The people in charge honestly seem to have no idea that people from outside the company can see this site. I try and try, but now I just despair
In that case, and based on their brush off, don't deal with IT. Send your concerns to the Internal Auditing department. They (usually) have the stroke to make people sit down and take things seriously. Internal Auditing is the ones who have to interface with federal regulators, and possibly with the SEC.
Incidentally, I work at a bank, and to get access remotely you have to have a randomly-generated username, a random password, and a client-side certificate. The VPN software denies all outgoing connections except to port 80 (and the VPN port, I guess) when it is not active. When it is active, it makes all the network interfaces that aren't the VPN disappear (so you can't see your link-level network anymore). Then, it asks for your password every 24 hours.
Usually I find the commute to work less stressful.
But it does show you that some organizations do take data security seriously... perhaps too seriously. (The port blocking is just security theater. I can run whatever I want over port 80. But the random username / random password / client-side SSL certificate is excellent security.)
But the random username / random password / client-side SSL certificate is excellent security.

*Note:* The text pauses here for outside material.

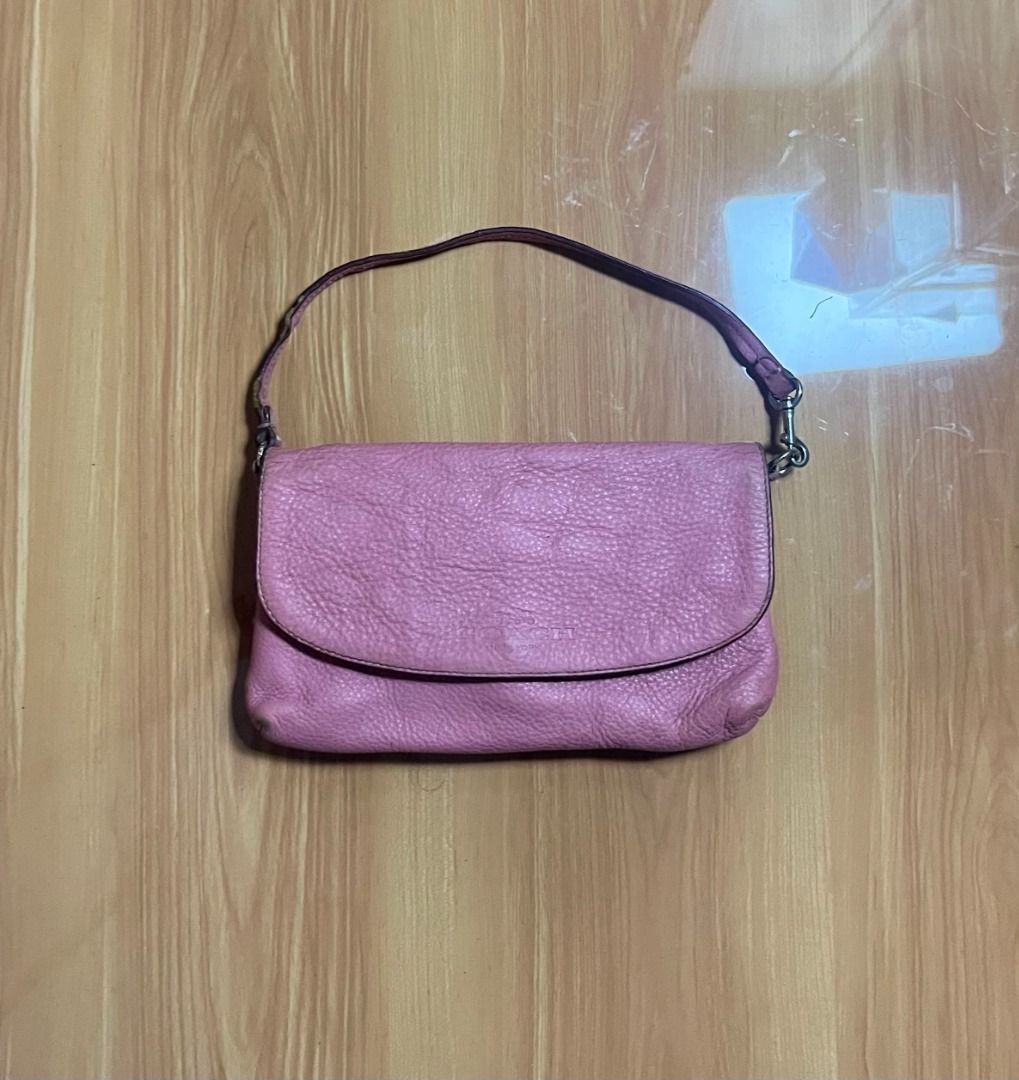 Coach Pink Leather Kili Bag Wristlet (Category: Shoulder Bags) located in Manila. Submitted by senggggg. (Listing ID 1470820734, Image 1). Description: good condition minimal sign of use need wash washable.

The SSL certificate is, but not the random username. That's just a maintenance hassle. A username is not a secret - that's what the password is for. The random password isn't so great, either, because it pretty much forces you to write it down and then it just becomes a (poor) version of the SSL certificate. It should instead be a strong password that you can actually remember.
It should instead be a strong password that you can actually remember.
I agree that in theory a strong password one can remember is more secure than a randomly generated password that you have to write down.
However in practice, people just choose easy to guess passwords, or reuse the same password everywhere. That's a larger security problem, so the random passwords are more secure in practice.
I've been using an extranet site recently that calls you, using Twilio or something I guess. They have my mobile phone number.
You enter your username and password on the web form and your phone rings a couple of seconds later. You are asked by a recording to type in your PIN. When you do, the HTTP request is completed and you are logged in.
It's very easy as a user, and seems quite secure. The username/password/PIN are all quite weak and easy to remember, but in conjunction with the phone call, it's fairly strong.
What do you mean by not seeing the link level anymore? What happens if you connect your vpn through a virtual machine? Will the host still have normal internet?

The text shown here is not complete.